Assim que os automóveis passaram a vir equipados com autorádios específicos, de série, os manuais começaram a ficar mais grossos. Havia muita coisa nova para explicar, nada a ver com mecânica, mas com utilização de todas as funções disponíveis. E estou a falar apenas dos autorádios, pois quando surgiram os sistemas de navegação, o aumento de páginas tomou proporções incomportáveis. Não era raro ver um porta-luvas completamente cheio só com o manual, que rapidamente passou para o plural. Haver um tomo exclusivamente dedicado ao sistema de informação e entretenimento, passou a ser uma regra.

Manuais XXL

De tal forma que foi preciso encontrar outros locais para guardar os novos manuais XXL. Em prateleiras especialmente concebidas para o efeito e escondidas sob a coluna de direção, ou numa gaveta sob os bancos da frente, ou então junto às ferramentas, sob o piso da mala, ou numa qualquer bolsa ou compartimento, nas paredes da mala. Em muitos casos, simplesmente dentro das bolsas das portas da frente.
Para os construtores, os manuais passaram a ser um problema. Já não era só a questão de os terem que traduzir para todas as línguas dos países onde os seus carros eram comercializados. Por vezes, em Portugal, alguns construtores facilitavam a mandavam dentro dos carros a versão do manual em espanhol, até serem obrigados por lei a fornecer uma versão em português.

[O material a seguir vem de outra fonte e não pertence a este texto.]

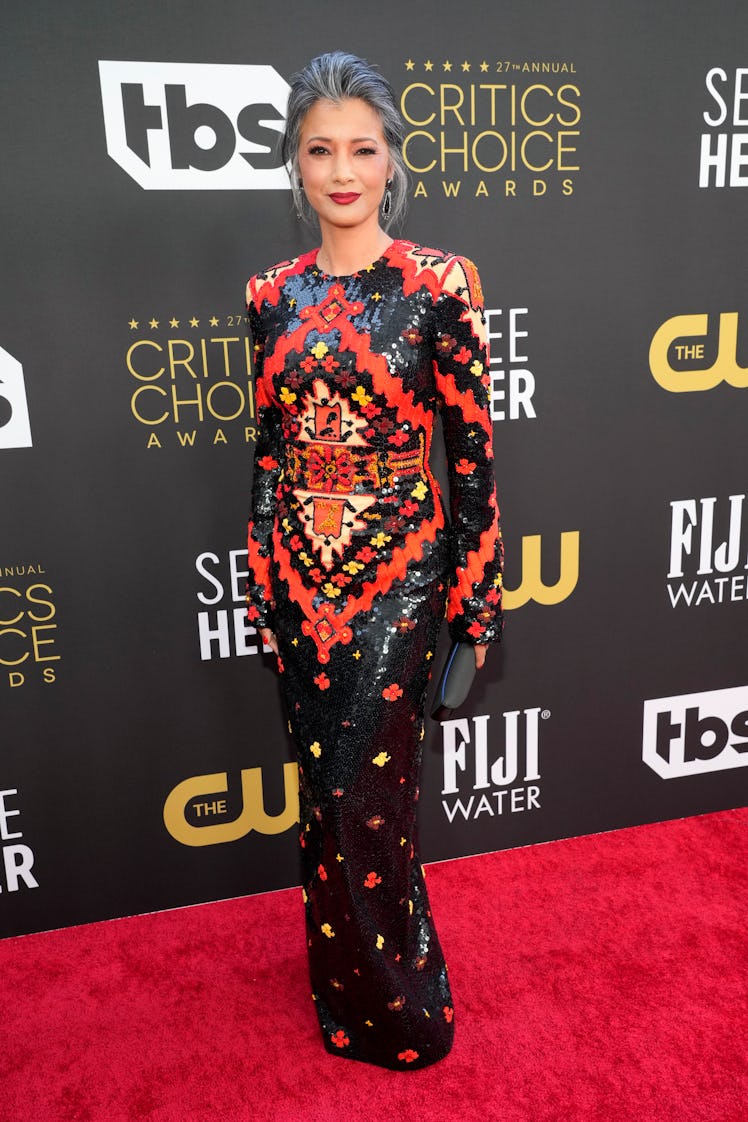Kelly Hu wearing a patterned column dress at the Critics Choice Awards 2022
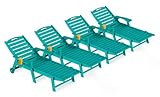 Outdoor Lounge Chair Set of 4, All Weather Patio Chaise Lounge Chair for Outside, HDPE Chair with Rolling Wheels & Cup Holder, 5 Position, Deck, Pool, Lake Blue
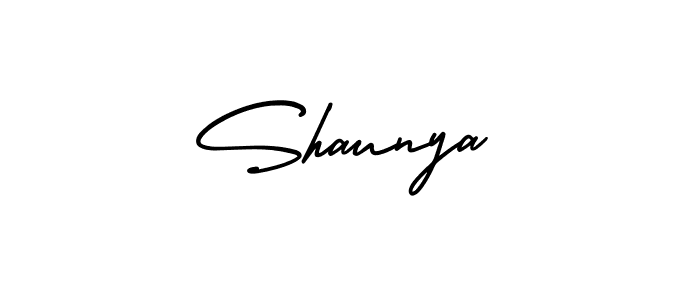 How to make Shaunya name signature. Use AmerikaSignatureDemo-Regular style for creating short signs online. This is the latest handwritten sign. Shaunya signature style 3 images and pictures png
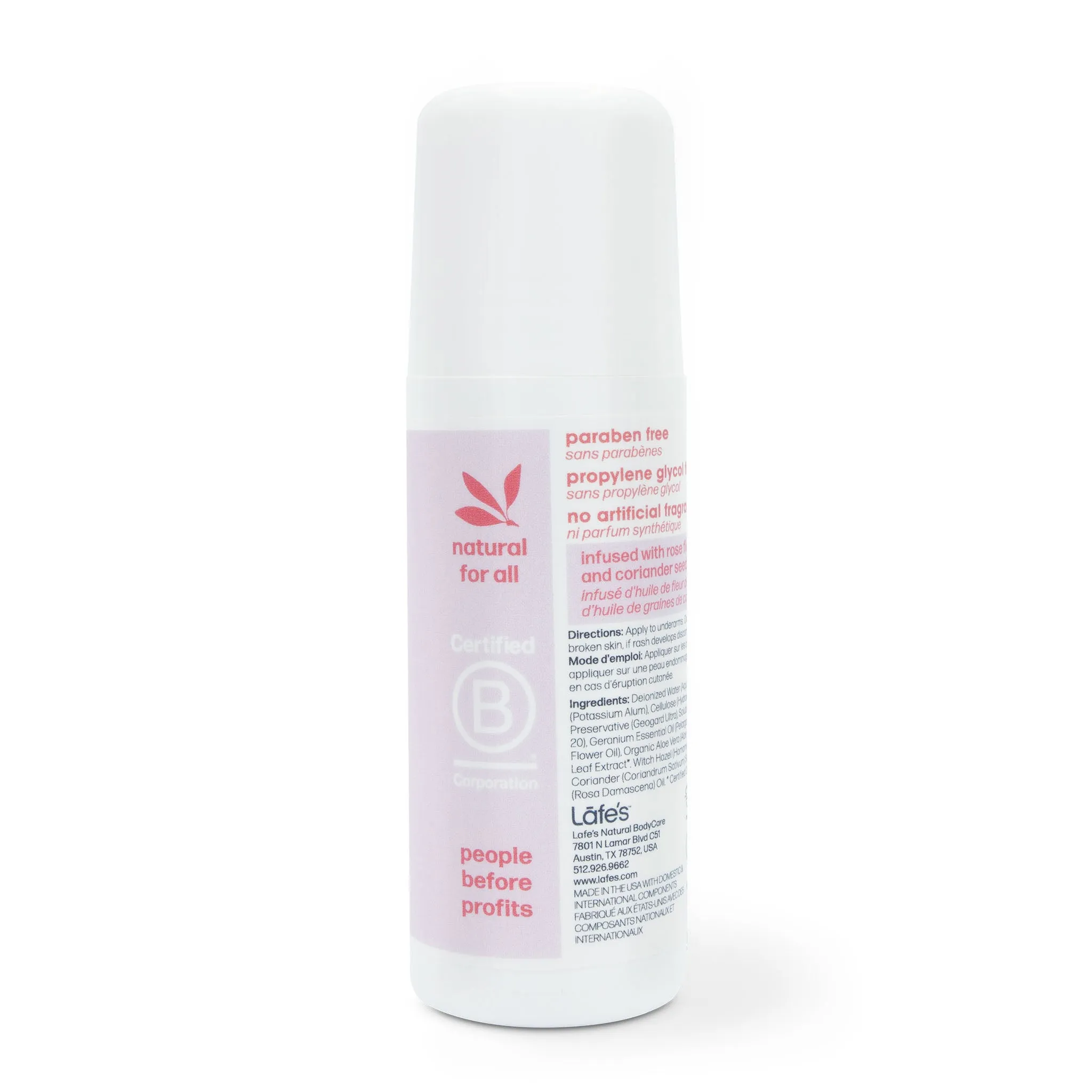 Lafe's Deodorant Roll On - Rose   Coriander (Bliss)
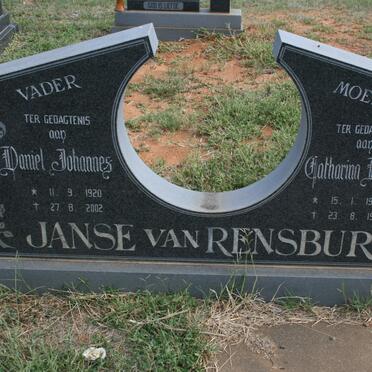 RENSBURG Daniel Johannes, Janse van 1920-2002 &amp; Catharina Elizabeth 1923-1982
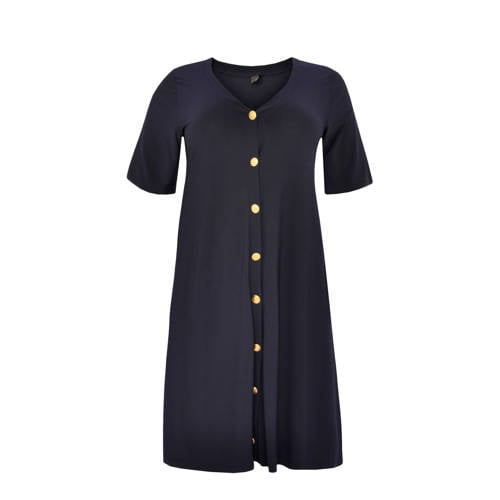 Yoek jersey jurk donkerblauw Yoek jersey jurk donkerblauw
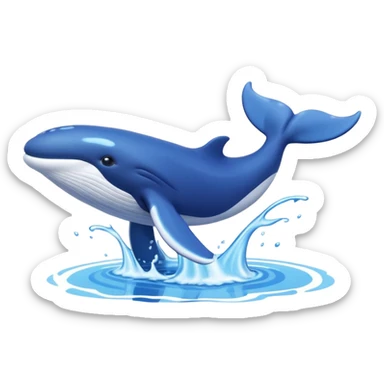 A 3D cartoon whale tail rising from the water, smooth surface reflection, ocean background, Memoji-style. sticker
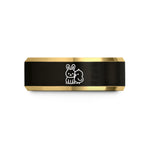 tungsten wedding bands couples – black & gold tungsten bunny chick wedding band
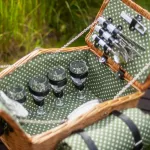 Пикник кошница за 4 души DUKA PICKNICK, зелена на точки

Era perfeitamente impossível colocar por escrito, num livro de dimensões aceitáveis, todas as descrições e indicações

Mas havia outros problemas a resolver, como manter os manuais atualizados, numa altura em que muitos dos sistemas do carro estavam em constante evolução. Fazer adendas passou a ser comum, bem como manuais complementares, por exemplo para as versões desportivas de um dado modelo.
Quando começaram a chegar ao mercado os sistemas eletrónicos de auxílio à condução, as compatibilidades com smartphones e a ligação à Internet, os manuais deixaram de ter capacidade de resposta. Era perfeitamente impossível colocar por escrito, num livro de dimensões aceitáveis, todas as descrições e indicações de funcionamento de todos os sistemas a bordo. Aparecerem os folhetos de consulta rápida, só com o essencial de alguns dos sistemas mais novos e desconhecidos do condutor comum.
Os manuais, começaram então a migar.No princípio para dentro dos próprios sistemas de infotainment, onde podem ser consultados, desde que não seja para perceber a razão do sistema de infotainment não estar a funcionar… Depois passaram mesmo para os sites das marcas na Internet, onde podem ser consultados através dum smartphone, desde que no cimo da serra haja rede, quando alguma coisa no carro deixa de funcionar.

Estão a desaparecer

Os manuais começaram assim a ficar outra vez mais pequenos e mudaram de nome para “guias” do proprietário. Trazem apenas a informação essencial para utilizar as funções mais necessárias num carro, em tudo o resto, os guias remetem para a consulta do manual no tal site da marca, por exemplo.
Conhecida que é a aversão de muitos condutores em folhear um manual convencional, a consulta online acaba por ser a maneira mais prática de tirar alguma dúvida sobre a utilização do carro. Além de que representa mais uma economia não desprezável para os construtores de automóveis, pois a redação, tradução e produção de um manual de centenas de páginas é um custo a ter em conta, sobretudo para uma “obra literária” que raramente será lida.

Conclusão

Por isso, já sabe, se for à procura de alguma coisa no manual do proprietário do seu novo carro e não encontrar, leia com atenção as páginas iniciais e nelas vai encontrar o endereço do site da internet onde pode encontrar o manual do proprietário em versão completa.
Foi isso que fiz para tirar uma dúvida sobre um carro que estava a testar e encontrei o manual do proprietário, com nada menos do que 848 (!) páginas e mais três outros manuais temáticos: sistema de som, sistema de navegação e condução off-road, todos com centenas de páginas. No digital, não há limites.